= Finley, Kumble, Wagner, Heine, Underberg, Manley, Myerson & Casey =

Defunct American law firm

Finley, Kumble, Wagner, Heine, Underberg, Manley, Myerson & Casey, also known as Finley, Kumble, was a United States law firm founded in 1968. The firm, based in New York, had grown from eight lawyers at its inception to over 700 lawyers at the time of its bankruptcy and dissolution in 1987. At the time it dissolved, Finley, Kumble was the fourth largest law firm in the United States, and at its peak was the country's second largest firm, behind only the international firm Baker & McKenzie.

==Management style==
Finley, Kumble is among the first American law firms to reject traditional, collegial legal management protocols, such as the Cravath System, in favor of operating similar to a conventional business. The firm routinely recruited partners from other firms and shunned seniority-based partner compensation, in favor of paying greater salaries to those partners who generated the most business — strategies that have since become common in the legal industry.

==Demise==
The firm's precipitous demise is believed to have been caused by infighting among its partners and excessive debt incurred by the firm's famous practice of paying exorbitant salaries to prominent and well-connected attorneys to entice them to join the firm as partners, including former United States Senators Joseph Tydings, Paul Laxalt, and Russell B. Long, as well as by its rapid expansion, including the addition of firm offices in cities around the United States and the United Kingdom. By the time it folded, the firm had debts in excess of $120 million.

==Notable partners and clients==
The firm hired former U.S. Senators Joseph Tydings, Paul Laxalt, and Russell B. Long as partners. Other notable partners include former governor of New York, Hugh L. Carey, former mayor of New York, Robert F. Wagner Jr., and former New York attorney general Nathaniel L. Goldstein. Businessman Rick Caruso was employed as an associate at the firm prior to starting his real estate business.
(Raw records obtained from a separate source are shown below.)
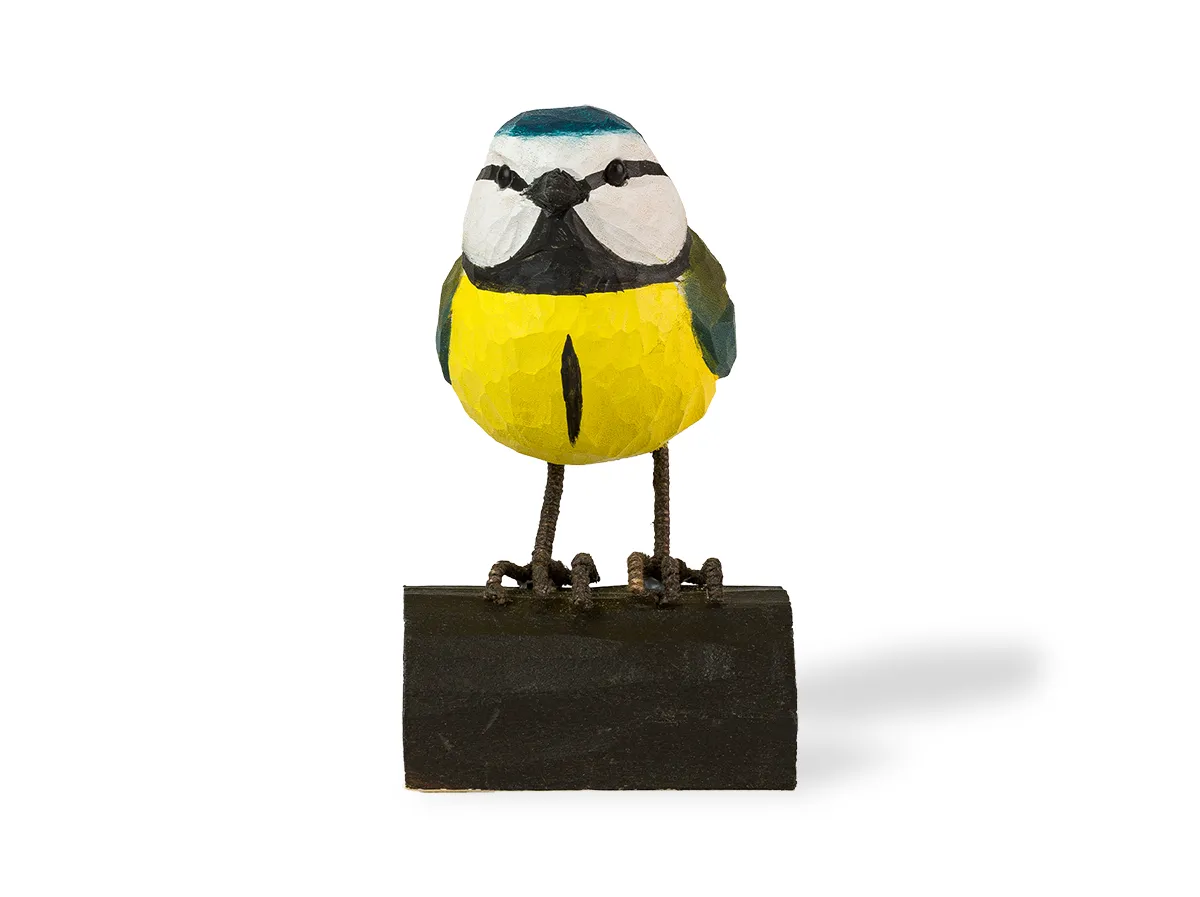 Decobird Blaumeise – Bild 3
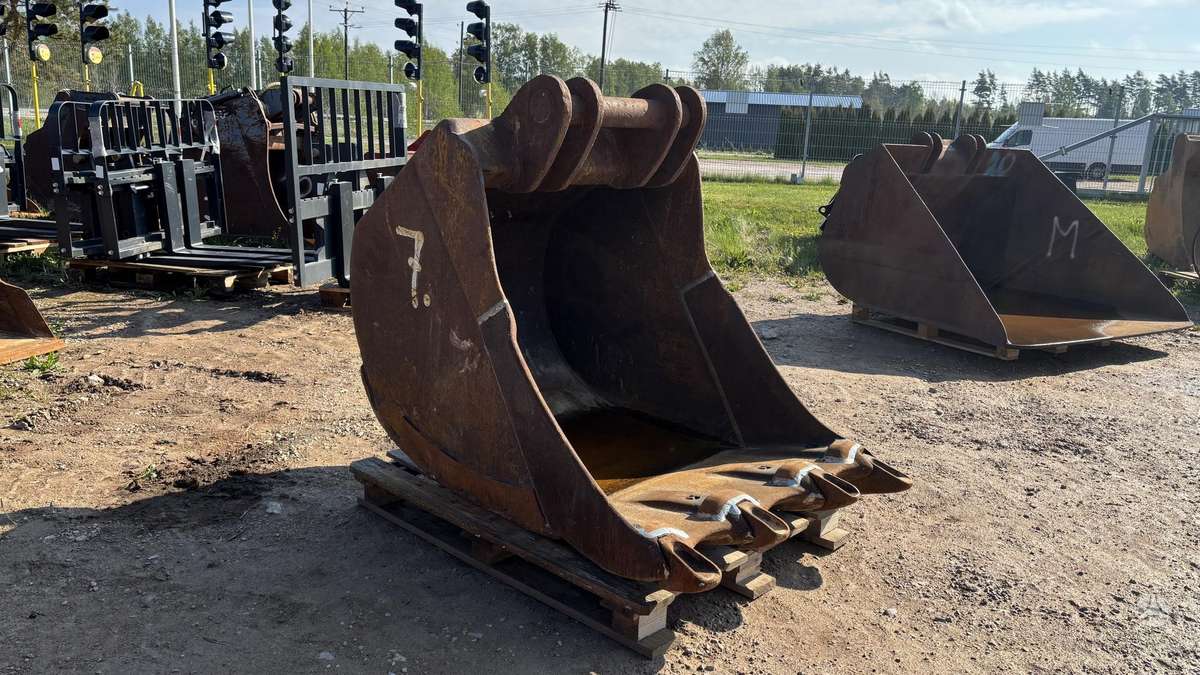 -Kita- NTP20 / B27 / S2, kaušai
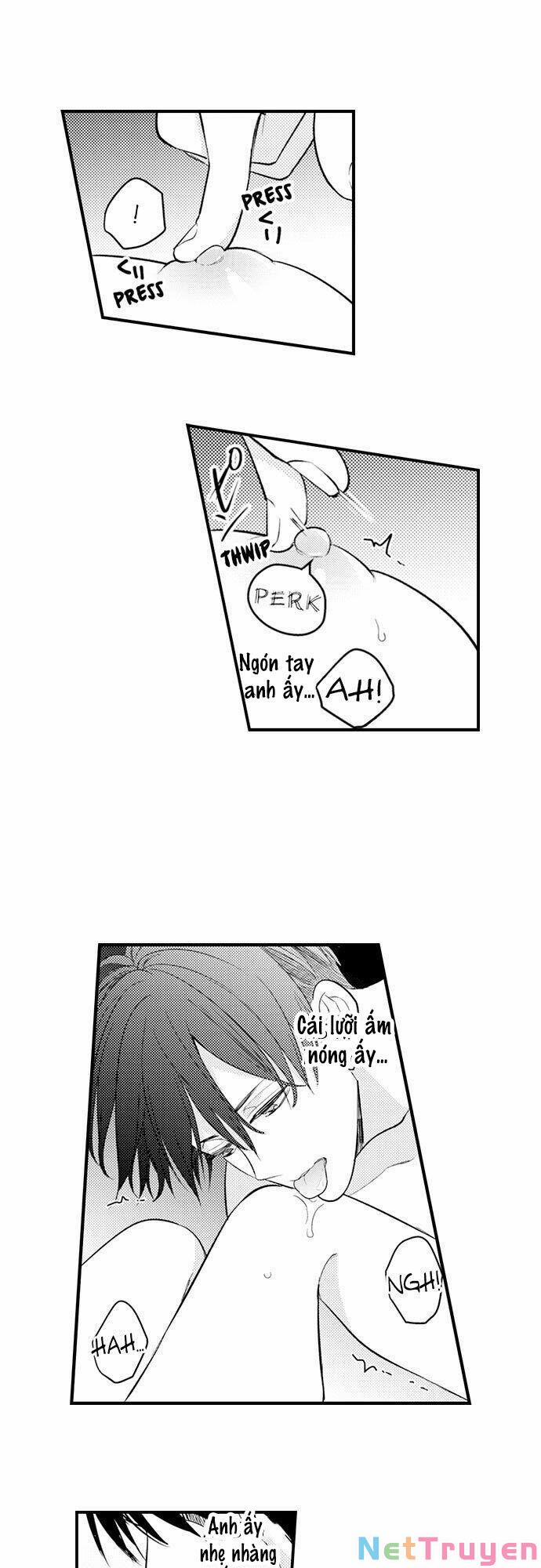 Giả Vờ Ngủ Cũng Không Ngăn Được Anh Ấy 85.2 trang 2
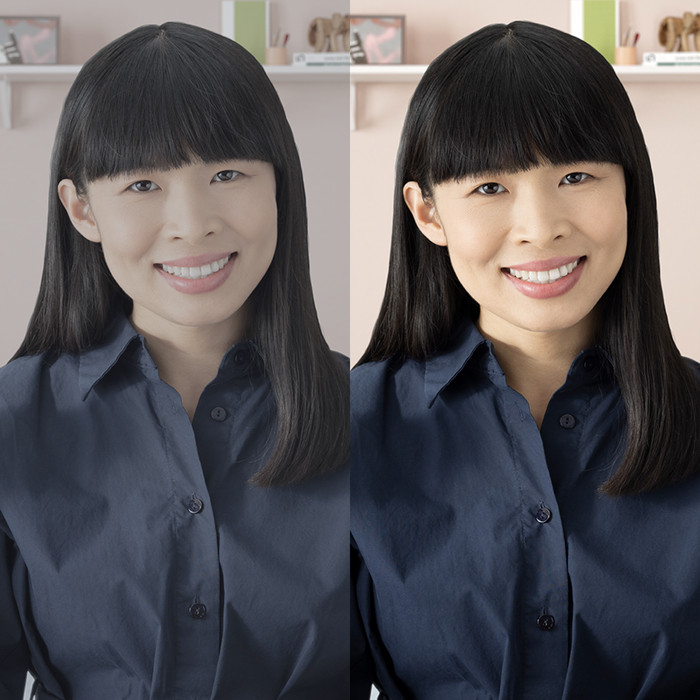 Logitech Brio 300 Full HD Webcam Noir produit à l'usage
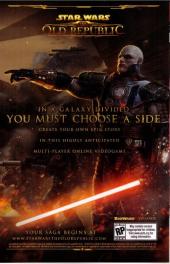 Verso de Star Wars : Darth Vader and the lost command (2011) -5- Darth vader and the lost command #5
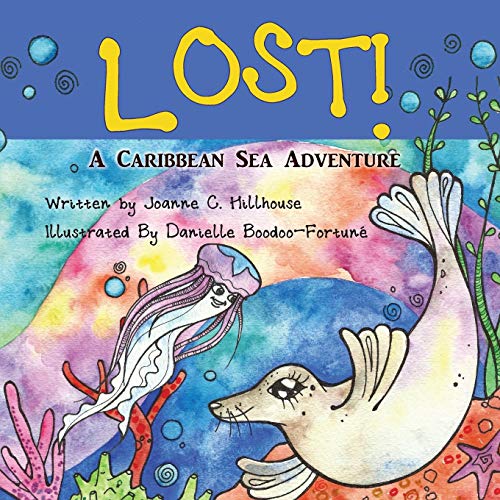 Lost A Caribbean Sea Adventure [Paperback]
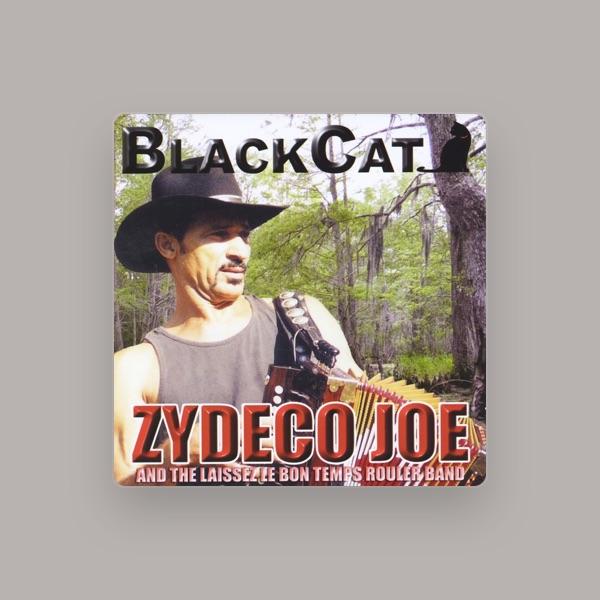 Zydeco Joe & the Laissez Le Bon Temps Rouler Band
Notable clients included Citibank, Mobil, Donald Trump, the United States Football League, Occidental Petroleum Co. and the government of Israel.

==Media coverage==
- Legal writer Steven Brill covered the rise and fall of the firm in the pages of his magazine American Lawyer. This coverage was controversial due to his social relationship with firm partner Marshall Manley and others within the firm.
- The firm's rise and fall was chronicled in the book Shark Tank by Kim Isaac Eisler.
- Former named partner Steven Kumble also authored a history of the firm, entitled Conduct Unbecoming: The Rise and Ruin of Finley, Kumble.